Friday, January 16, 2009

a logger: not just a common bum

Today it was about 5 degrees in Charlotte (I counted them). That's the main reason that I showed up to work and met my first ever parole officer dressed like a lumberjack. When I got up this morning, it was cold beyond all reason (emphasis: beyond reason), so I put on a shirt, and then another, and then another, and then....

I stood there, feeling pretty awkward while the parole officer gave me a variety of funny looks. I noticed that one or more of those looks was directed at my hat, which my sister crocheted and then gave away when she decided it was too hippie for her. But at least my ears weren't cold.

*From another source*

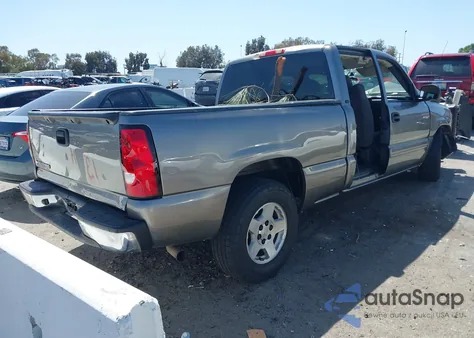 2006 Chevrolet Silverado 1500 Lt1 from USA, damaged, VIN 1GCEC19V06Z206831
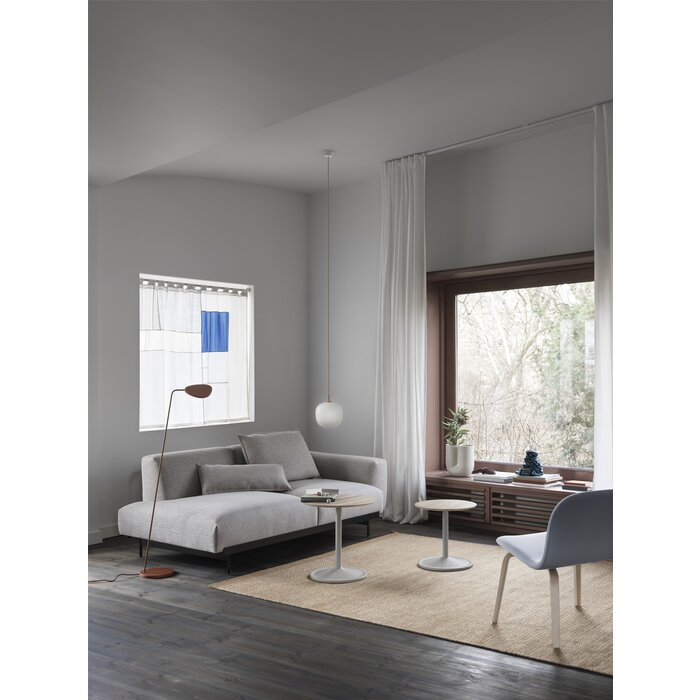 Muuto Rime Pendant Lamp Ø45 cm Black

Did you know that parole officers wear badges that look like Real Police-Type Badges? I did not, so I was intimidated, until I remembered that as long as this guy was like the real police, and had nothing to do with the fashion variety, I was off the hook. I am thankful that it's not illegal to impersonate a logger in the workplace.

P.S. Because this post is about 1. a lumberjack and 2. freezing temperatures, I had to name it after a line in the first song I ever played start to finish on the guitar. I don't have to explain why so far, 2 of every 2 posts on this blog mentions whiskey. Or why at a tender young age I was entertained by a song about turning a human cadaver into a tool for deforestation. Ask nerkert.


  1. Are you wearing that hat I made to work? Don't you have a dress code?!

  2. yes. It involves being comfortable enough to break up fist fights. That hat could be very useful in case of a physical altercation, because it would make it impossible for an aggressor to find my ears to box.